Multilateral, bilateral and non-governmental external agencies have in recent years taken a large number of initiatives aimed directly or indirectly at helping Ethiopia develop and democratise its way out of the economic chaos and political instability of the Dergue. In doing so, they rely on a wide variety of programmes, institutional mechanisms and policies. Indeed, growing external involvement in African projects of democratisation and economic recovery has resulted in increasingly challenging problems of conceptualising and understanding the role and function of international agencies.

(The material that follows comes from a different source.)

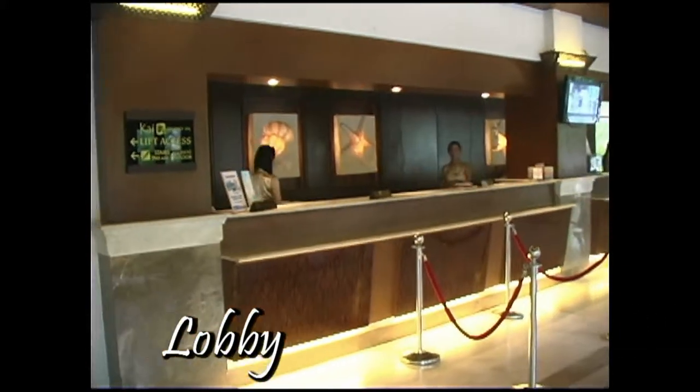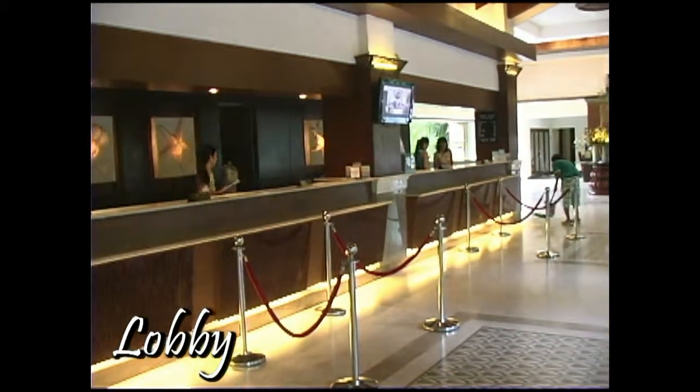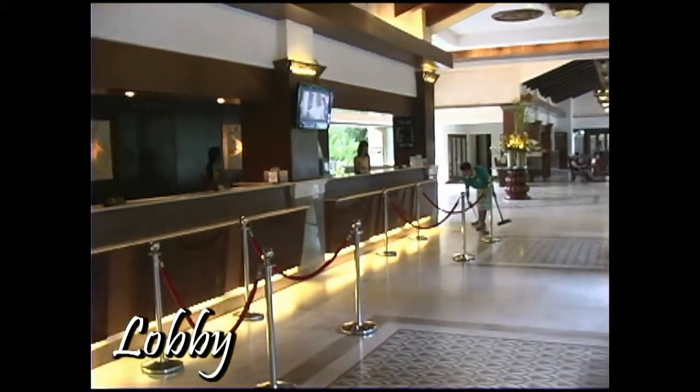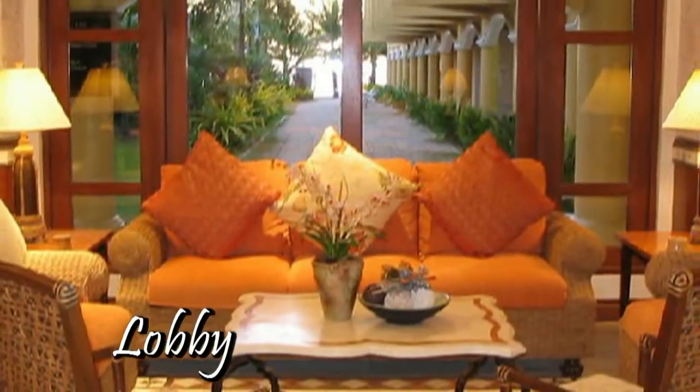So when you walk into Regency, the reception desk and lobby — as you see here — would be the first thing that you see. And as you walk down and turn to your left, you would face out into the east wing.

     An assessment of the growth of foreign interventions that seem in marked contrast to the limited thought and effort exerted by donors to put the interventions in coherent theoretical or strategic perspective had resulted in institutionalising one of the most successful aid norms – The Direct Budget Support to the national budget, jointly monitored by the Government, civil society and the donors – that was acknowledged for its effectiveness and replicated in many African nations. Aid is a catalyst for change and does not replace what we Ethiopians working in Ethiopia ought to do on our own. Ethiopia has indeed done very well by all standards of transparency, accountability and prudence in the management

    of aid funds that have been received. Mr. Shewakena only needs to see the thousands of miles of new roads, new hydro power and universities in the hitherto marginalised communities to see what foreign aid has catalysed in Ethiopia.

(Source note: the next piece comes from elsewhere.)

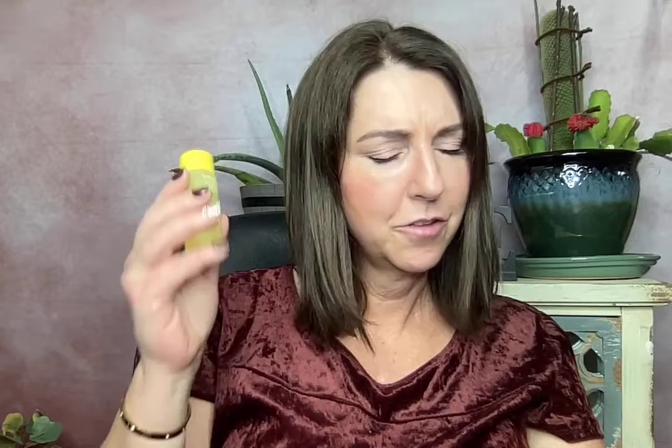Then I tried the toner. It boasts 10% niacinamide, willow bark, and B5. This stuff smells so bad — it smells chemical. It's horrible. I used it anyway because I wanted to see what it did. Normally with a good toner you feel a little stinging, which tells you it's getting extra makeup, dirt, and oil out of your pores. After I used this, it felt slightly sticky — I had an after-feel I didn't love. The full size of this is $10, which isn't bad at all for a toner if it works for you.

     Nonetheless, thanks to a vocal minority Diaspora that has now stood on the throat of the Ethiopian poor by lining up on the stairs of the American Congress and the European legislature, they have successfully subverted popular programmes into a political spin of unbridled proportions. What a spent force! It is this irresponsible group that has hoodwinked the allegedly violent opposition leader and made them face justice. It is this irresponsible group that has sown the seeds of hatred among the Diaspora itself who never attend the Ethiopian Orthodox Church Mass together in Washington – blame the ruling party in Addis Abeba for this too! It is this irresponsible group that is trying to derail peace and immerse in the blood of innocent victims of conflicts in Ethiopia by infusing propaganda via their adopted nations’ mass media. It is this irresponsible group in cooperation with the Eritrean mafia that is financing agent provocateurs that are bombing civilian targets in Addis Abeba.

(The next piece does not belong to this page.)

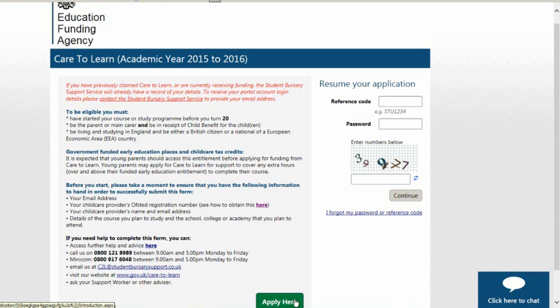If you need any help filling in the form then you can call us or click on the blue web chat box in the bottom right of the screen at any time.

     The important message that these issues suggest are not sufficiently addressed, or even raised, in much of the current political debate in the home towns of the Diaspora - Washington and Brussels. Insofar as the activities of the minority economic Diaspora and their external supporters are not brought to discourse in an open forum, their contribution to the well being of Ethiopia may diminish with their proliferation. Hence the rationale to engage in such educational mission that one hopes will ultimately develop a mature dialogue among the minority vocal Diaspora that borders on a cataclysmic mission for the citizens of Ethiopia who ultimately have to bear the brunt of their apocalyptic political calling.            

======== END ========

[1] Notwithstanding the quote from an ostensibly perverted Valfort’s paper ‘Ethnic altruistic voting in multi-ethnic developing country – evidence from Ethiopia’ (March 2006); a paper that sets out right in the beginning by hypothesising that the ‘current political elite is implementing a “divide and rule strategy”, by the author’s own admission “we must here underline that the university students (who were the basis for the survey) constitute a very “special” group and cannot be considered as representatives of the Ethiopian population”. The study’s statistical base and the selection of respondents remain dubious as the author clouds the study as one done under the grapevine.